Dr. Hajizadeh, also the director of decision science in the Feinstein Institute for Medical Research's new Center for Health Innovations and Outcomes Research, says the evidence shows that patients with chronic obstructive pulmonary disease (COPD) – including chronic bronchitis and emphysema - can improve their quality of life through exercise and rehabilitation. However, many patients, in particular underserved, disparity populations are unable to access this life-altering resource. Disparities, can result from patients' lack of access to transportation needed to get to a rehabilitation facility, limited education or communication problems with their providers, and lack of physician referral to rehabilitation programs because of perceptions that patients will not comply.
Northwell's Chronic Pulmonary Disease Management Program (CPDMP) is attempting to overcome some of the barriers facing underserved populations, starting with African-American and Hispanic patients with COPD. The CPDMP brings the pulmonary rehabilitation program in to their homes or local community centers so that they can work remotely with a dedicated respiratory therapist and a pulmonologist (Dr. Hajizadeh) on an exercise regimen and care plan to better cope with this debilitating disease. The program also includes regular follow up by a social worker to facilitate the transition out of the hospital and obtaining follow up appointments, and prescribed medications.

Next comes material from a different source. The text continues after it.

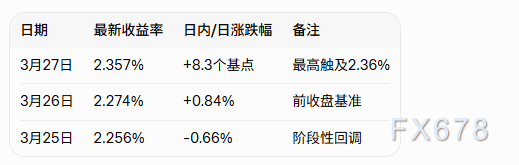 MBOJ加息预期点燃债市波动，日本10年期国债收益率飙升至2.36%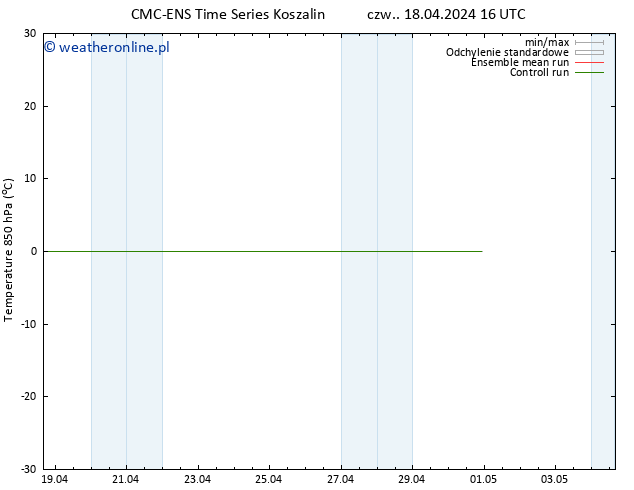 Temp. 850 hPa CMC TS czw. 18.04.2024 22 UTC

"There is no cure for COPD or emphysema but there are things that can be done to improve the quality of breathing and by extension the quality of a patient's life," said Dr. Hajizadeh. It starts with education and improved decision-making that can improve quality of life during its final phases. "For example, the idea of training people with COPD to purse their lips when they exhale to take pressure off the lungs is a relatively simple adjustment that has significant ramifications. One of the characteristics of COPD is that it causes the lungs to close up when people breathe out. Pursed lip breathing for people with COPD acts as the release of a pressure valve.
That's just one element of educating patients to help them understand the breathing anxiety cycle. "When you feel you can't breathe, you naturally tend to breathe faster, but the faster you breathe, the more air gets trapped," Dr. Hajizadeh said. "By slowing down one's breathing and learning to push one's belly out, you are controlling the breathing process. It's counterintuitive to what patients feel when they struggle for breath. Many believe they need to quicken their rate of breathing to bring more air into the lungs which only makes the sensation of feeling like they are suffocating worse."
She said patients can use the other muscles in their bodies to help lessen the struggle as well. "The goal is to put less stress on the lungs by exercising and properly using the diaphragm and intercostal muscles. If we develop the muscles throughout the body, including those surrounding the ribcage, patients will feel less pressure on their lungs to do all of the work of breathing. It increases overall strength so other parts of the body can do the work, not to mention the general well-being and self-efficacy that comes from working out and moving the body."